Der EU-Kommissar für Klimaschutz empfiehlt, was er in solchen Fällen immer empfiehlt: den Klimawandel entschiedener zu bekämpfen. Die betroffenen Kommunen und vor allem die Landwirtschaft verlangen hingegen konkrete und schnelle Hilfen und eine Modernisierung der Wasserbewirtschaftung. Das Leitungsnetz ist überaltert, die Wasserverluste liegen im nationalen Schnitt bei nahezu 40 Prozent. Investitionen in das Netz sind im europäischen Vergleich sehr niedrig.

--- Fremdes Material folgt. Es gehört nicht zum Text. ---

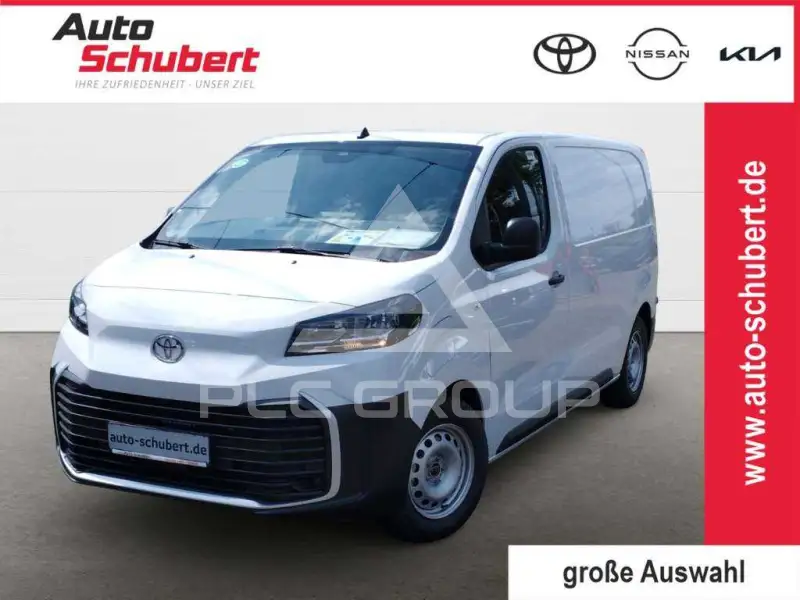 2025 Toyota Ace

PNRR – der nationale Plan für die wirtschaftliche Erholung nach der Pandemie

Die Regierung Draghi kam zustande, weil der Vorgänger Conte keinen plausiblen Plan vorlegen konnte, wie die 200 Mrd. Euro des europäischen Fonds für die Ergrünung und Digitalisierung der italienischen Wirtschaft effizient einzusetzen seien. Immerhin 15 Mrd. sind für Landschaftsschutz und Wasserbewirtschaftung vorgesehen. Ein explizites Ziel ist, in Zukunft die periodisch auftretenden Trockenzeiten nicht zur Katastrophe werden zu lassen. Die Diskussion hat in Fachverbänden begonnen, über Investitions-Projekte ist bisher nichts bekannt geworden. 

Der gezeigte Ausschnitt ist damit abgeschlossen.